Девочки катаются по «каточкам», разгоняются и едут, подпихиваются ногой и едут дальше. Мне тоже хочется прокатиться, но мама не разрешает: говорит, что я протру калоши. Я стою и смотрю. Ну, один-то разочек, наверно, можно прокатиться — мама не узнает. Я разбегаюсь, качусь, но скоро застреваю посреди дорожки. Хочу двинуться дальше — ноги разъезжаются в разные стороны, я падаю.

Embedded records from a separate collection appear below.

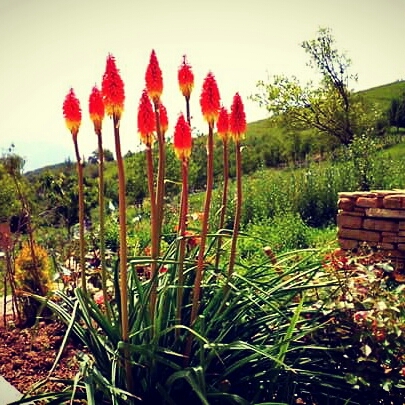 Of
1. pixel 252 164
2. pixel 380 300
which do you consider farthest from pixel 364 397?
pixel 252 164

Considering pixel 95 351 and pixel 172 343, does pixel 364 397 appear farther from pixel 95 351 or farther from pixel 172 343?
pixel 95 351

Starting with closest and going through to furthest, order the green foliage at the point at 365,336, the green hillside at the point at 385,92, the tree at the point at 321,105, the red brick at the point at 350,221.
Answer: the green foliage at the point at 365,336 < the red brick at the point at 350,221 < the tree at the point at 321,105 < the green hillside at the point at 385,92

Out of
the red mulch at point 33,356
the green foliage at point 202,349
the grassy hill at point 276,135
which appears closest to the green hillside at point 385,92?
the grassy hill at point 276,135

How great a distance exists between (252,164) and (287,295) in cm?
1651

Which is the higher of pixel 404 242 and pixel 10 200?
pixel 10 200

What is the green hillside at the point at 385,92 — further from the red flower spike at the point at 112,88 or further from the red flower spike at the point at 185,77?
the red flower spike at the point at 112,88

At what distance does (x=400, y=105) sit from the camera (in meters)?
22.7

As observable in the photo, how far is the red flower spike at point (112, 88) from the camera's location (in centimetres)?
183

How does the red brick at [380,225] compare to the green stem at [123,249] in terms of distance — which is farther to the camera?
the red brick at [380,225]

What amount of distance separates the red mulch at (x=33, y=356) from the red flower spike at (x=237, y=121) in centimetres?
131

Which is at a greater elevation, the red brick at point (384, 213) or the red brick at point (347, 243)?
the red brick at point (384, 213)

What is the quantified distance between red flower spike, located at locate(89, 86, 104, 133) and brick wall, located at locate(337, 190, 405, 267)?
3869mm

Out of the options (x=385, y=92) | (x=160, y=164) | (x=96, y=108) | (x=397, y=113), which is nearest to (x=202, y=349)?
(x=160, y=164)

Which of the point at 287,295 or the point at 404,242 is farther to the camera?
the point at 404,242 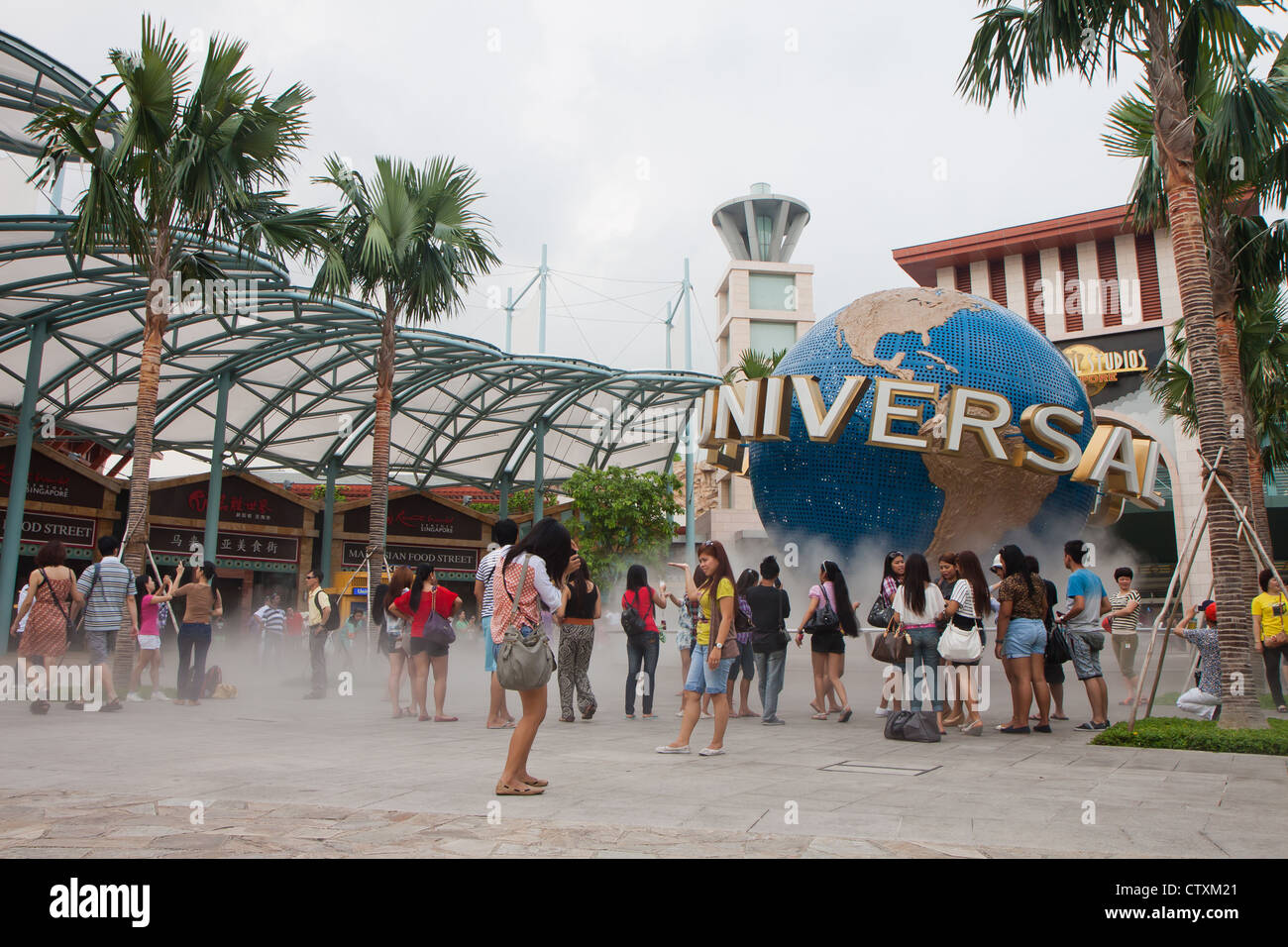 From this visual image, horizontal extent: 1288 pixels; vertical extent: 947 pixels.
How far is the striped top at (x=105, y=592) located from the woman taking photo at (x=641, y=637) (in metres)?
5.57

— Пусти, уходи, не мешай! — кричат девочки. — Косолапая!..
Они убегают дальше, к другим подъездам, а ко мне подходит мальчишка с палкой. Сначала он просто крутится и машет палкой в воздухе, а потом подступает ко мне.
— А ну давай уходи отсюда! — говорит он. — Ты не с нашего двора, нечего тут на наших «каточках» кататься!
— Не уйду, — говорю я.
— Врешь, уйдешь! — говорит он, взмахивая палкой. — Ты тут не живешь!
— Живу, — говорю я.
— Врешь, не живешь! Ну, в каком подъезде ты живешь?
— В первом.
— Врешь! Я сам в первом живу.
— Нет, живу! У нас есть решение суда.
— Чего? — говорит мальчишка. — А ну, пошла отсюда! — Он замахивается и бьет меня палкой по лицу.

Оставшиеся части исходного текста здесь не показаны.